The Latin cross at issue was placed by private citizens in a federally-owned remote part of the Mojave Desert back in 1934 to honor American soldiers who fell in the war. Frank Buono, a retired Park Service employee and frequent visitor of the Preserve, claimed to be offended by a religious symbol’s presence on federal land and alleged a violation of First Amendment’s Establishment Clause. The cross, Justice Kennedy, writing for a plurality, acknowledges, “has been a gathering place for Easter services since it was first put in place.” The US Supreme Court was asked to consider, not the first placement of the cross, but a statute transferring the land on which the cross stands to a private party in an attempt to “cure” the initial Establishment Clause violation. The land-transfer statute provided that the property would revert to the Government if not kept “as a memorial commemorating United States participation in World War I and honoring the American veterans of that war.”

Although decided against completely different backdrops, I find some striking similarities between the rationale underlying the meaning of the cross put forward by the plurality in Buono and the one advanced by the Italian Government in Lautsi. In Lautsi v. Italy, the European Court of Human Rights ruled against the display of crucifixes in Italian state school classrooms. Like the plurality in Buono, the Italian Government in Lautsi attempted to deprive the crucifix of its religious meaning. In Buono, the plurality characterized the cross as “a symbol [with a] complex meaning beyond the expression of religious views” and added: “a Latin cross is not merely a reaffirmation of Christian beliefs. It is a symbol often used to honor and respect those whose heroic acts […] help secure an honored place in history for this Nation and this people.” In Lautsi, the Italian Government for its part stated that the crucifix “could be perceived as devoid of religious significance” adding that it was not a “sign of preference for one religion [but] a reminder of a cultural tradition and humanist values shared by persons other than Christians.”

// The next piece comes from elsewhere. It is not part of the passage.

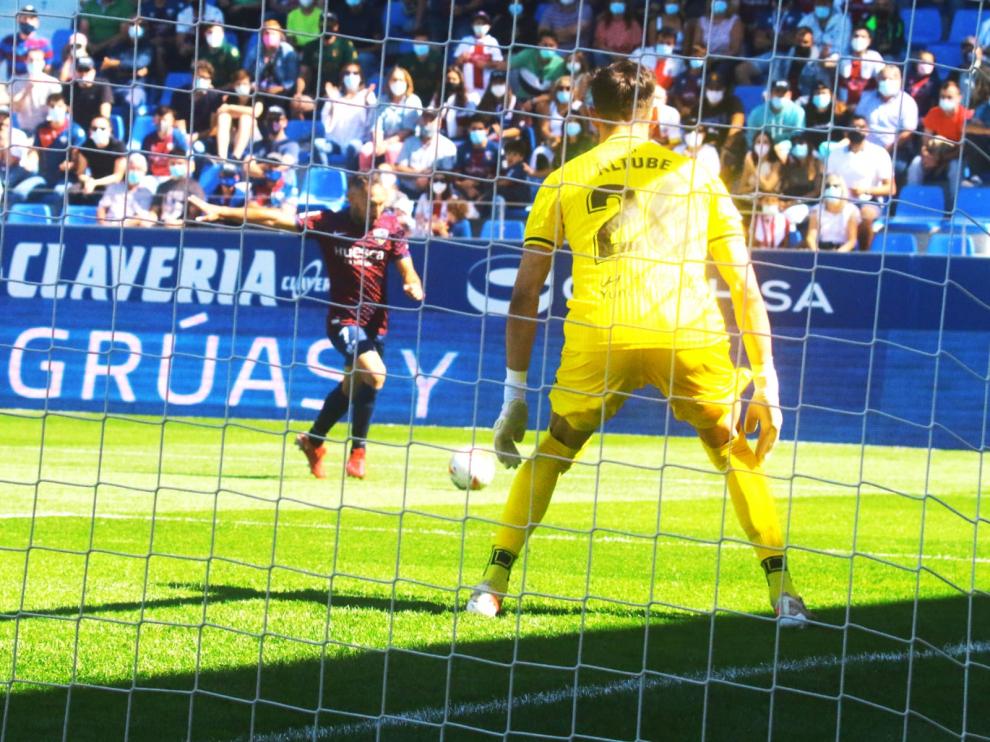 Partido SD Huesca-Fuenlabrada, en imágenes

Unlike the US Supreme Court, the Strasbourg Court, while acknowledging the multiple meanings of the cross, rightly understood the religious one was predominant. “The presence of the crucifix may easily be interpreted by pupils of all ages as a religious sign, and they will feel that they have been brought up in a school environment marked by a particular religion.” Lautsi has now been referred to the Grand Chamber and is scheduled to be publicly heard next June 30. I am wondering whether the Grand Chamber will be asked to revisit the Italian Government’s arguments on the meaning of the crucifix. If it is, I just hope the Court does not depart from the Chamber’s reasoning in this regard. Be it the desert or the public school, the religious character of such symbol cannot be easily called into question.